I. АНТВЕРПЕН РУБЕНСА

   …Мое сердце, подобно утреннему облаку, плыло навстречу божественно сладостному свету, — и я была слабым отблеском его. [40]
Гёльдерлин «Смерть Эмпедокла»

   Антверпен раскинулся на одном из берегов широкой и мощной Шельды, протянув свои доки и шлюзы до самого Северного моря. Ритм жизни города определяет река. Над водой в радужном свете, переливающемся почти как на юге, носятся чайки. Бойко торгуя со всеми портами мира, город сохраняет тот вечно молодой облик, который вообще присущ морским портам. И хотя ему, как северянину, чужда добродушная безалаберность Марселя или шумная круговерть Неаполя — он все-таки еще слишком далек от настоящих северных широт, и поэтому здоровый плотский аппетит к жизни и известная доля практицизма, эмоциональным проявлением которого служит фламандское бахвальство, вносят живые краски в его сдержанное достоинство.

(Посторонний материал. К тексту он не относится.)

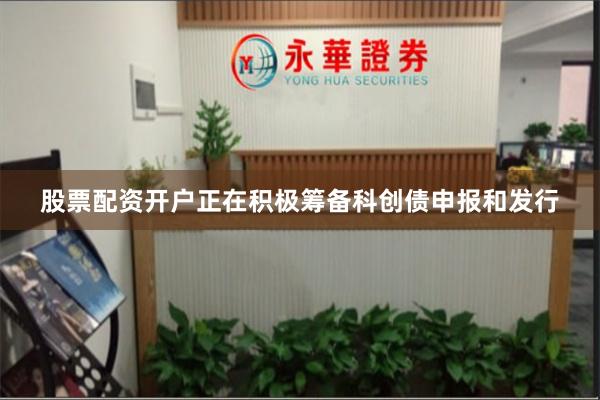 股票配资开户正在积极筹备科创债申报和发行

   Как непохож этот город с его потаенным брожением и буйным оживлением в порту на маленькие городки Голландии, погруженные в меланхолическую дремоту! С первого мгновения Винсент нашел в Антверпене именно то, к чему стремился.
   В порту Винсент приобрел партию японских гравюр, какие матросы обычно привозят с Дальнего Востока, и они оказались для него откровением. В них прозвучал голос неизвестного ему до той поры искусства, простого, непосредственного, динамичного, наделенного удивительным даром выявлять бесчисленные связи, которыми природа подтверждает свое глубокое внутреннее единство[41].